Politicians are also exaggerating the boatpeople impact on Australia’s immigration policy. Labor’s Foreign Minister, Senator Bob Carr, has stated that boatpeople could account for some 20% of immigration to Australia. This is just fearmongering nonsense. The figures suggest something different. At worst, if boatpeople arrivals continued at the same rate as the first six months of this year with some 13,000 boatpeople arrivals, then boatpeople over the year would account for less than 13% of Australia’s nominated intake of 210,000 for the year – a number that can easily be absorbed into the Australian community across the nation.
Despite the impression Australian politicians want to give about boatpeople, the reality is somewhat different. According to the Australian ABC’s Vote Compass project, which at last look had attracted some 780,000 respondents, Australian’s biggest concerns by far is the economy – not the boatpeople issue.
So, who are driving the politicians over the boatpeople issue if it’s not the Australian people?

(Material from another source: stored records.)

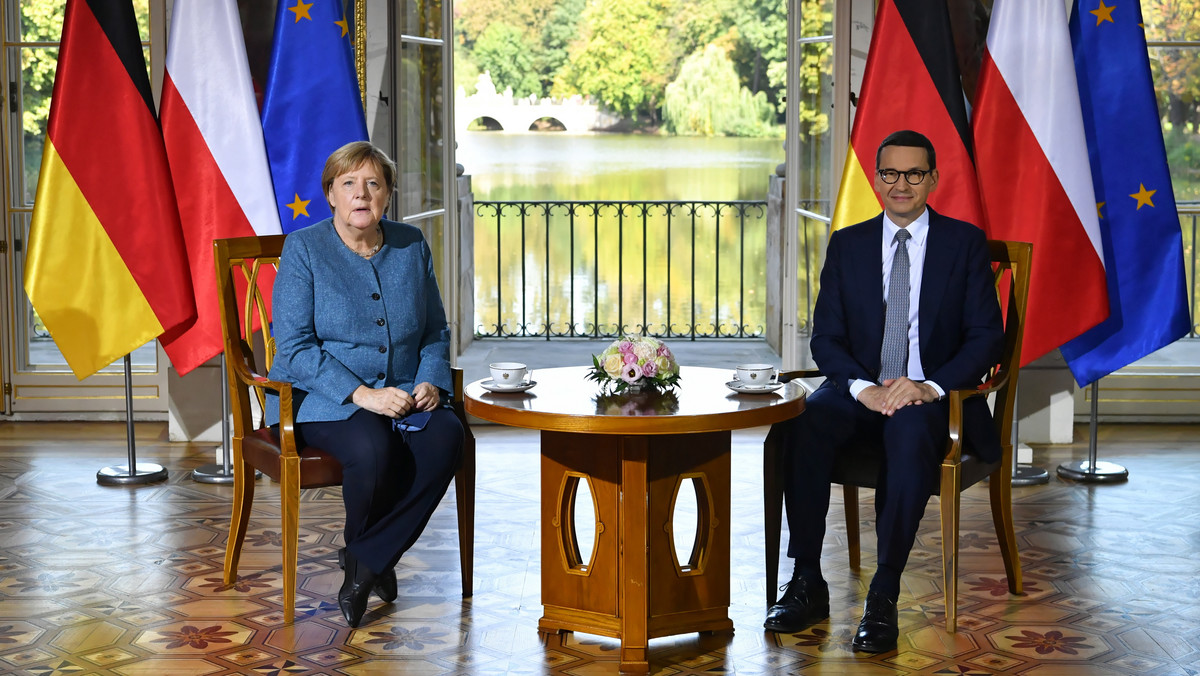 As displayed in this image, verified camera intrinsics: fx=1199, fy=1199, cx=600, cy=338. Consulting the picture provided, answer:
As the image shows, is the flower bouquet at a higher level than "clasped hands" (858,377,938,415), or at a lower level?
higher

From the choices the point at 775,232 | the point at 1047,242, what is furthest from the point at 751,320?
the point at 1047,242

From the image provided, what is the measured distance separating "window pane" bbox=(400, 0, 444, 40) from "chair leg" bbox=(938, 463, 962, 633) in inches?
111

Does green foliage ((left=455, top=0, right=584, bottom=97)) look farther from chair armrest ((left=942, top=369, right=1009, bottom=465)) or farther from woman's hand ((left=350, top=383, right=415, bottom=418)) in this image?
chair armrest ((left=942, top=369, right=1009, bottom=465))

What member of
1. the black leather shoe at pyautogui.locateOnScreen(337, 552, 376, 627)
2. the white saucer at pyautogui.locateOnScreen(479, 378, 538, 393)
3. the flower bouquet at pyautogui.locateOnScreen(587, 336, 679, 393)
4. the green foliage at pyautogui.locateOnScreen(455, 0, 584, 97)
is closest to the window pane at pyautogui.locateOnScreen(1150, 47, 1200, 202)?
the flower bouquet at pyautogui.locateOnScreen(587, 336, 679, 393)

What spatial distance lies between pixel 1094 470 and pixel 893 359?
1.71 meters

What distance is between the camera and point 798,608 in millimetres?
2764

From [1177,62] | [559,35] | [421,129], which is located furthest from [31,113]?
[559,35]

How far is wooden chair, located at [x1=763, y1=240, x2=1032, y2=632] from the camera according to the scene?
272 centimetres

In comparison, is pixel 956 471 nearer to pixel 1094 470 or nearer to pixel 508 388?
pixel 508 388

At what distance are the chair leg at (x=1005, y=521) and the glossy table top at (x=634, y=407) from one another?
→ 2.07 ft

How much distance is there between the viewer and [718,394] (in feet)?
8.87

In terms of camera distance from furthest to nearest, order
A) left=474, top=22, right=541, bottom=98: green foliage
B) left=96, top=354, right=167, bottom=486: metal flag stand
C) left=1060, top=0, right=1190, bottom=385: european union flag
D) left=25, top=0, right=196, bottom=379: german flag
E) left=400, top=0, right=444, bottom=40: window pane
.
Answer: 1. left=474, top=22, right=541, bottom=98: green foliage
2. left=400, top=0, right=444, bottom=40: window pane
3. left=96, top=354, right=167, bottom=486: metal flag stand
4. left=1060, top=0, right=1190, bottom=385: european union flag
5. left=25, top=0, right=196, bottom=379: german flag

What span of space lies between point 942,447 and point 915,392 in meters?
0.14

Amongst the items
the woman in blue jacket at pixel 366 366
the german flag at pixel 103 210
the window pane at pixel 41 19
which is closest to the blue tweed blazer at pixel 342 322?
the woman in blue jacket at pixel 366 366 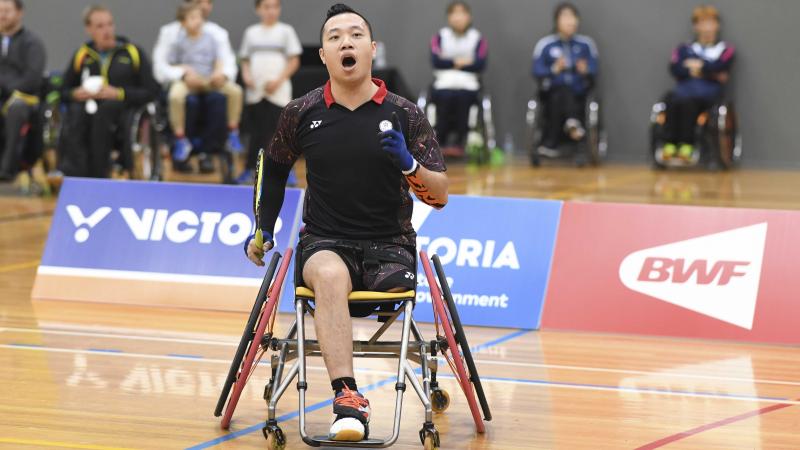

The answer is simple: it is the extreme right-wing commentariat, particularly those within the Murdoch empire such as Andrew Bolt, Tim Blair, Piers Akerman, Janet Albrechtsen, Gerard Henderson, et al, who dominate Australia’s media. By writing opinion pieces that are anti-boatpeople and then running public opinion polls that reflect their views they give the impression to politicians that the boatpeople issue is the main concern for Australians and that they don’t want boatpeople in Australia. Because to say so outright gives the impression that this reflects a racist attitude, all sorts of excuses are used to deflect the accusation. These include: stopping the drownings, (a current favourite in the light of recent tragedies); that boatpeople are queue-jumpers, that boatpeople are really economic migrants, and so on. The real reason, of course, that the noisy minority don’t want boatpeople in Australia is because they are not white European people as will be the vast majority of the 210,000 migrants who would otherwise make up the quota for the year.
It’s as simple as that. Why the non-Murdoch media can’t face up to this reality and call it as it is – racism – is beyond me. What’s to be scared of?
Australian politicians are making political mountains out of boatpeople molehills.